_What the exercise asks_:
Would you transcribe the whole listing exactly and drop its images?
··· Provided data
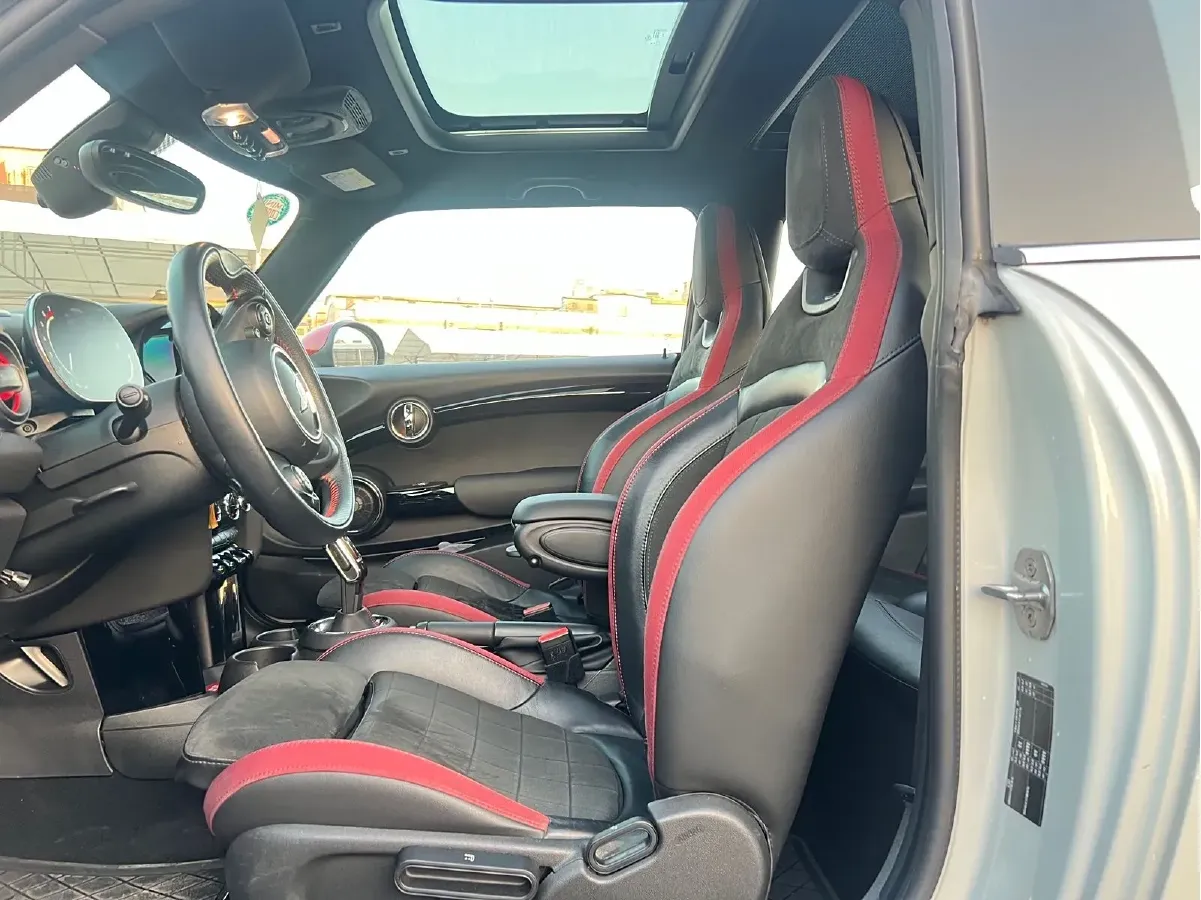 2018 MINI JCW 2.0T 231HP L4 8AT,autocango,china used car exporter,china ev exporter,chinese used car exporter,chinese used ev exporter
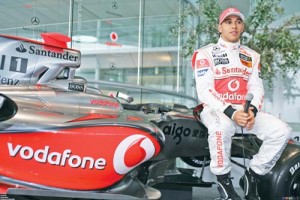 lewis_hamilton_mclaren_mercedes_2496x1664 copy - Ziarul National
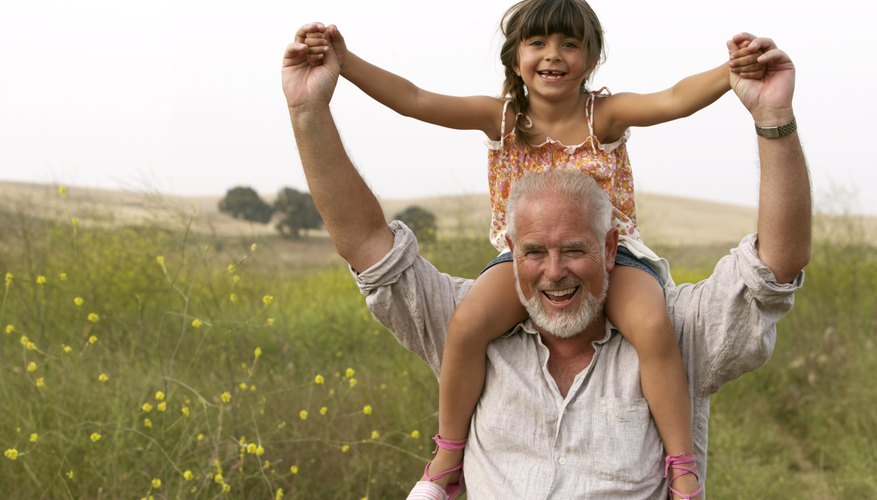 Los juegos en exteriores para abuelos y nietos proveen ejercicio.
······
_Reply to the task_:
 2018 MINI JCW 2.0T 231HP L4 8AT,autocango,china used car exporter,china ev exporter,chinese used car exporter,chinese used ev exporter
 lewis_hamilton_mclaren_mercedes_2496x1664 copy - Ziarul National
 Los juegos en exteriores para abuelos y nietos proveen ejercicio.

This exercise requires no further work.